**TASK INSTRUCTIONS:** In this exercise, print only the lines from the line with "סט שני חלקים" to the last line of the data below, inclusive. Any pictures should be left out.

**RECORDS PROVIDED:**
---

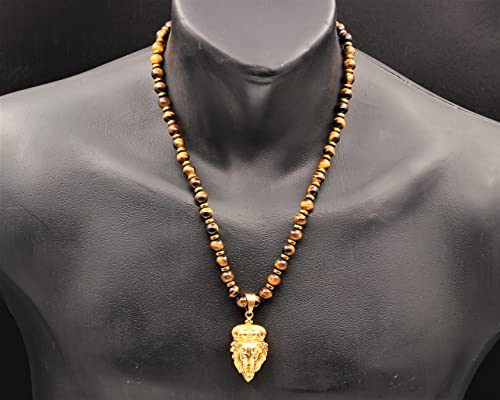 Men's Zirconia Lion Pendant Necklace Men's Natural Tiger Eye Beaded Protection Healing Gemstone Gift For Him Unisex Christmas Gift #TOP1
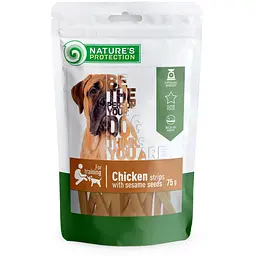 Ласощі для собак смужки з курки з кунжутом Nature's Protection chicken strips with sesame 75 г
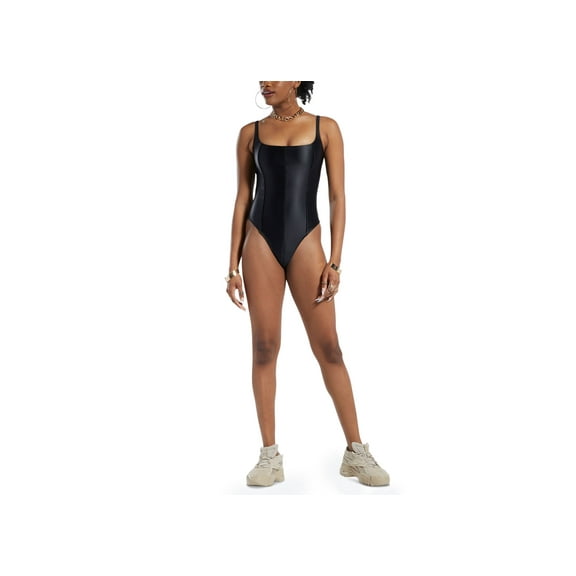 Cardi B x Reebok Womens Scoop-Neck Corset-Fit Bodysuit Black XS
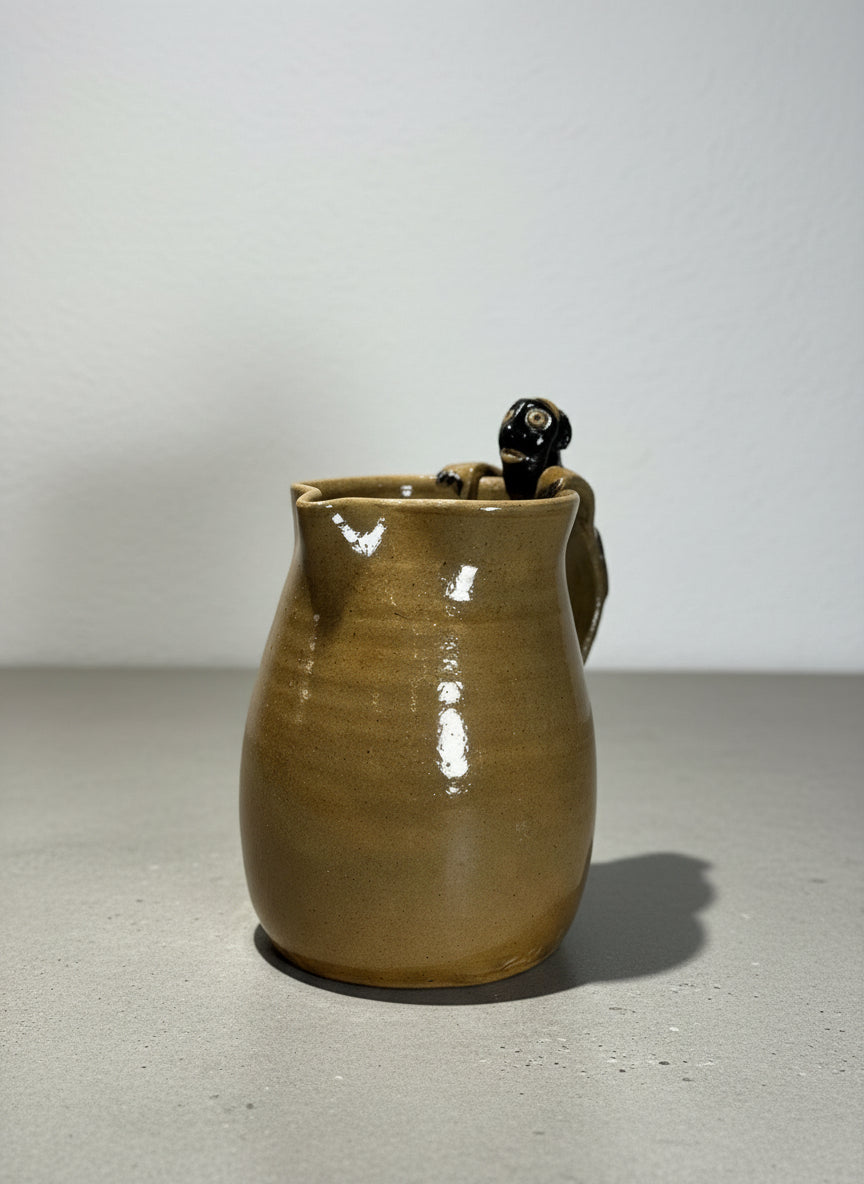 Wilford Dean Handmade Stoneware Pitcher with Sculpted Face Handle, North Carolina Folk Pottery
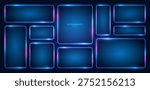 Neon banners. A large set of rectangular neon frames of different sizes with glowing effects and lighting. Futuristic modern neon glowing banners. Vector EPS 10.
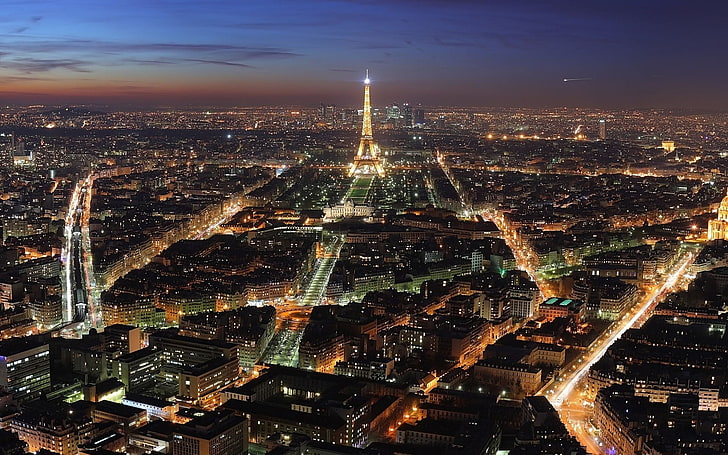 Айфелова кула, Париж през нощта, Париж, градски пейзаж, нощ, светлини, HD тапет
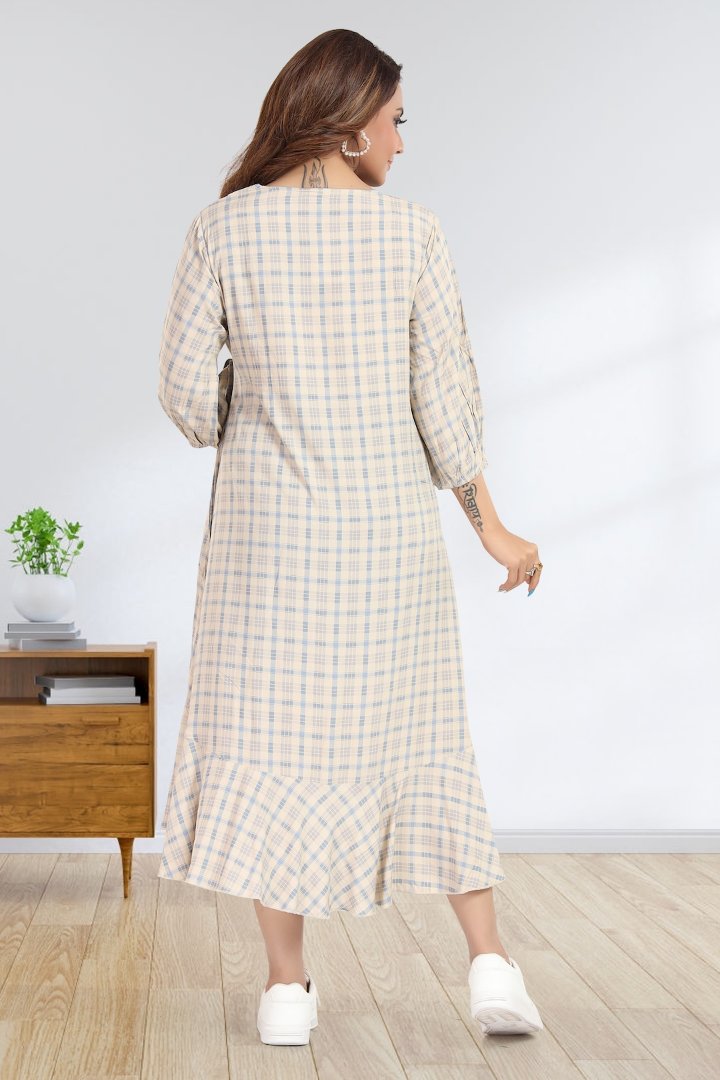 Cream Chequered Angrakha Pattern Maternity Dress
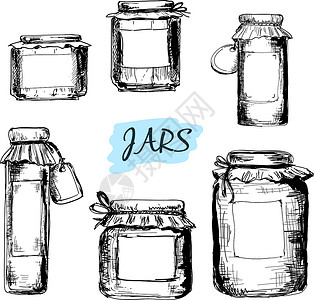 贴有标签的罐黑与白贮存玻璃绘画食物厨房玻璃罐艺术品涂鸦玻璃瓶背景图片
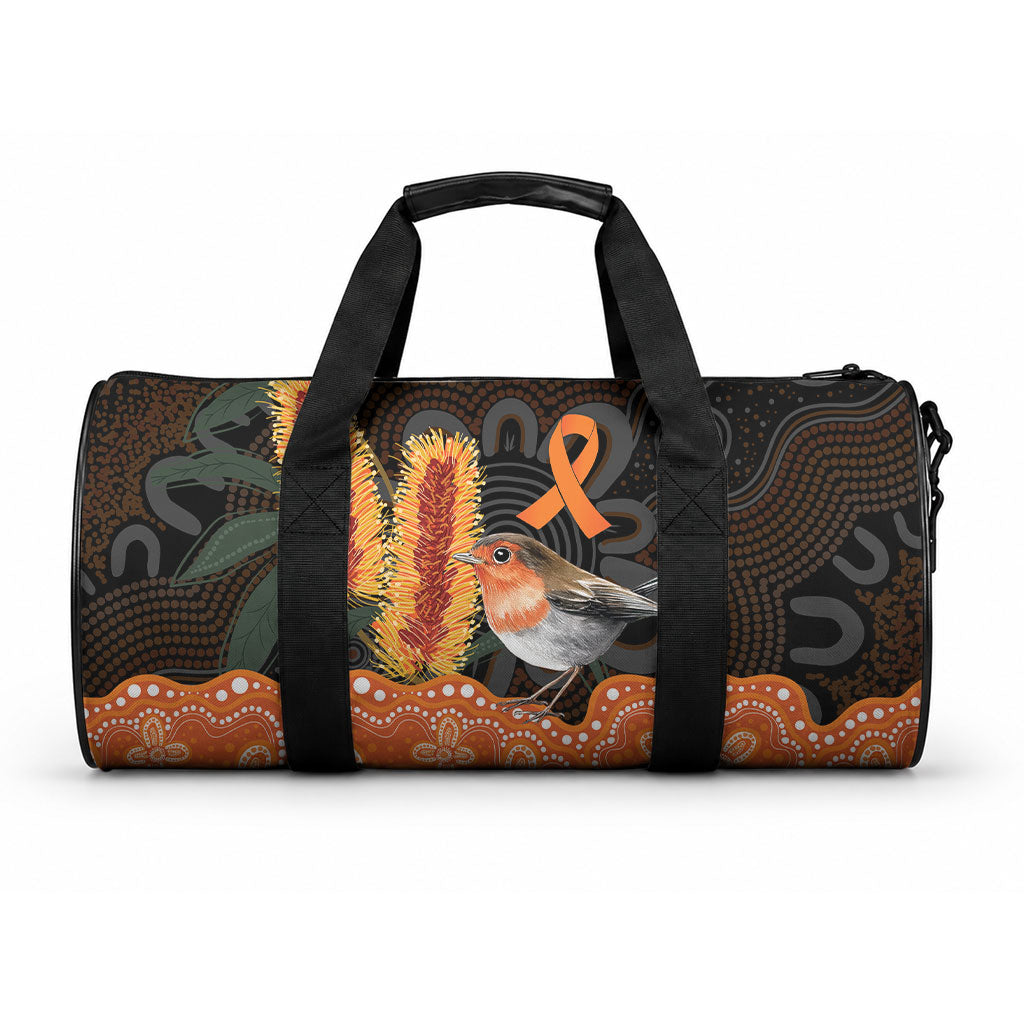 Australia Leukemia Awareness Month Duffle Bag Flame Robin Bottlebrush Aboriginal Art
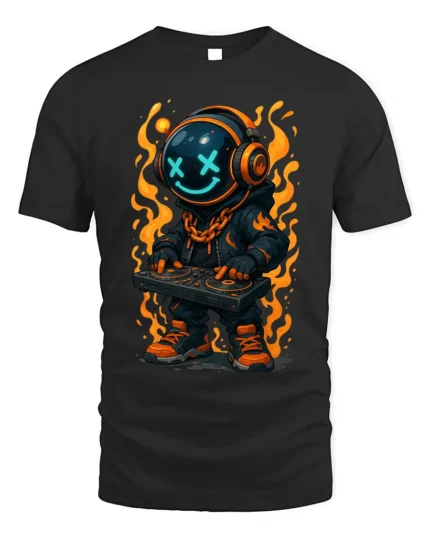 Flaming DJ Astronaut Graphic T-Shirt Cool Music Streetwear Tee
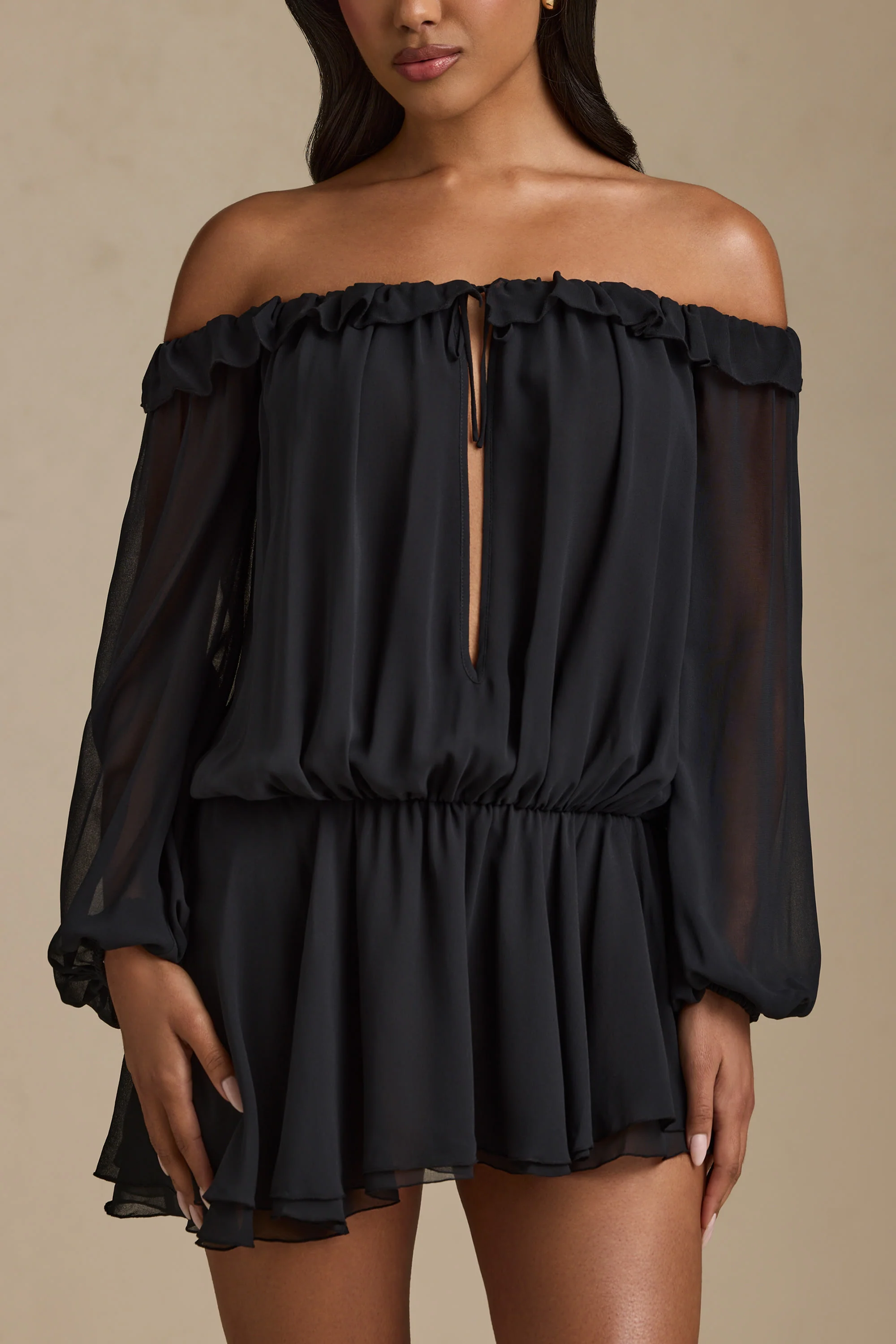 Off-Shoulder Asymmetric Balloon-Sleeve Mini Dress in Black - Image 2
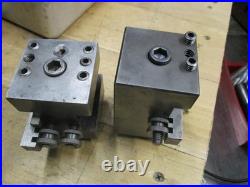 Two South Bend Lathe Heavy 10 Double Combination Tool Post Holder Blocks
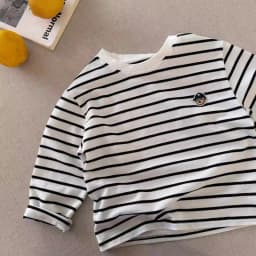 Children's Long Sleeved T-Shirt, Pure Cotton Breathable Base Shirt, Spring Boys and Girls Cartoon Teddy Bear Striped Base Shirt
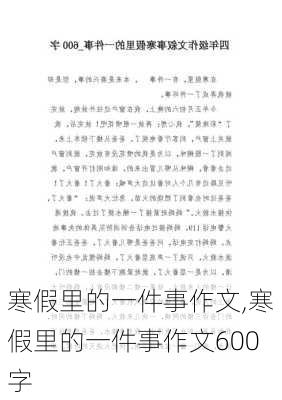 寒假里的一件事作文,寒假里的一件事作文600字-第2张图片-星梦范文网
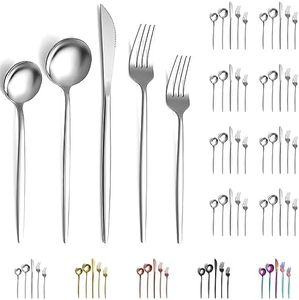 Evanda Cutlery Set 40 Piece Service for 8, Stainless Steel Silverware Set, Include Knife Fork Spoon Set, Sturdy Flatware Set Perfect for Home and Restaurant, Dishwasher Safe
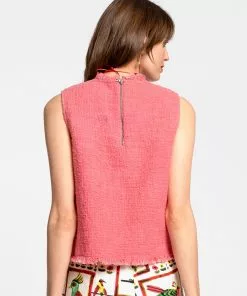 Frances Valentine NEW ARRIVALS Sleeveless Fringe Top Pink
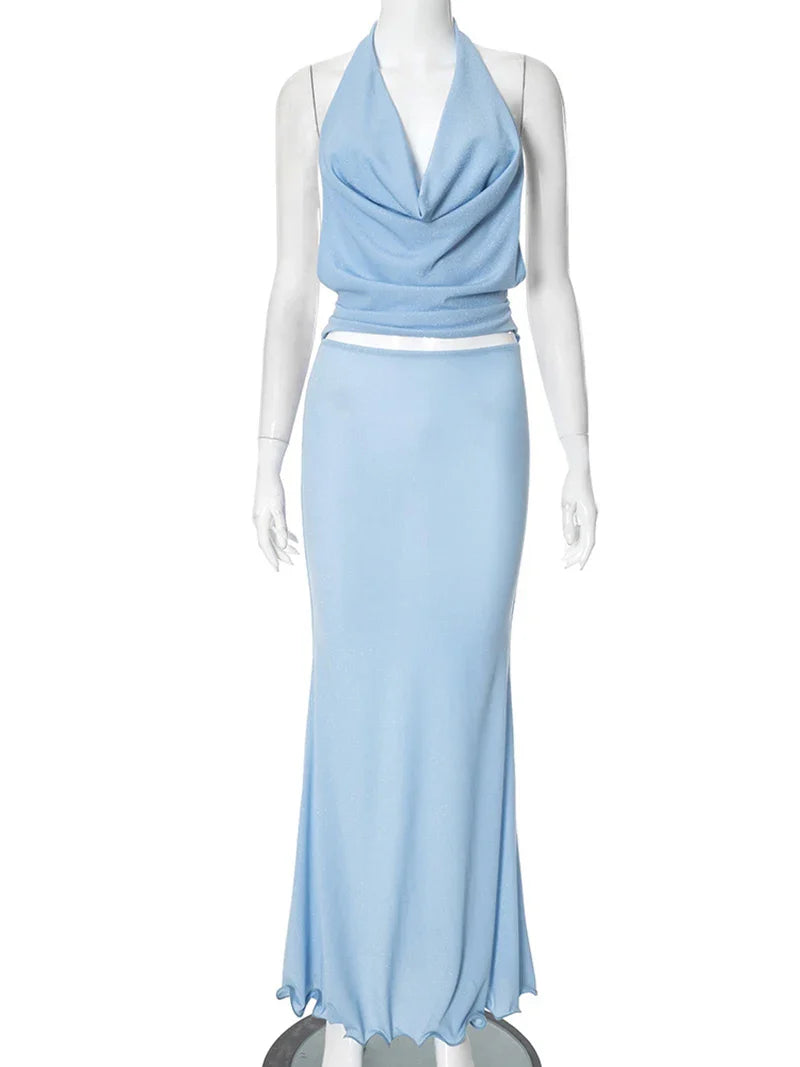 סט שני חלקים בעיצוב בד נשפך טופ צווארון נופל גב פתוח וחצאית מקסי - סקרלט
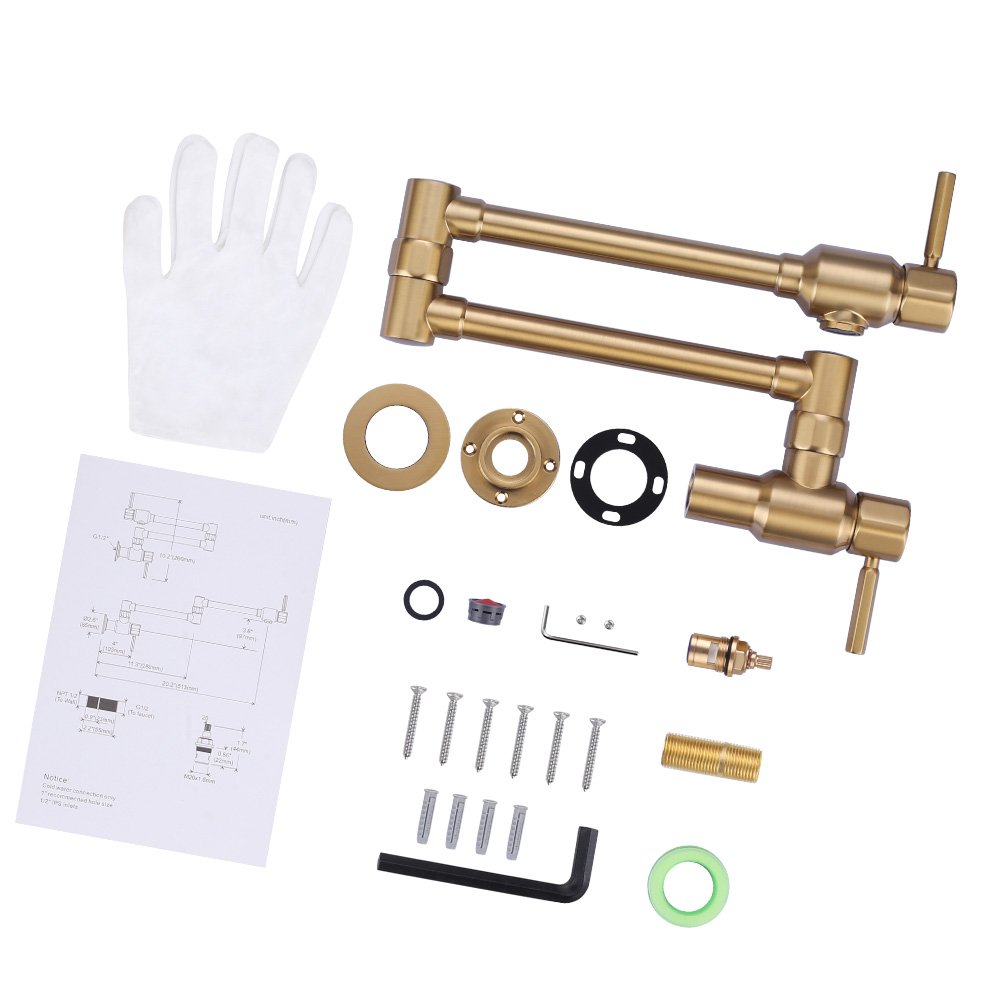 20 Inch Folding Stretchable Copper Pot Filler Faucet Kitchen Wall Mount Pot Filling Faucet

---

**RESULT OF THE TASK:**
 סט שני חלקים בעיצוב בד נשפך טופ צווארון נופל גב פתוח וחצאית מקסי - סקרלט
 20 Inch Folding Stretchable Copper Pot Filler Faucet Kitchen Wall Mount Pot Filling Faucet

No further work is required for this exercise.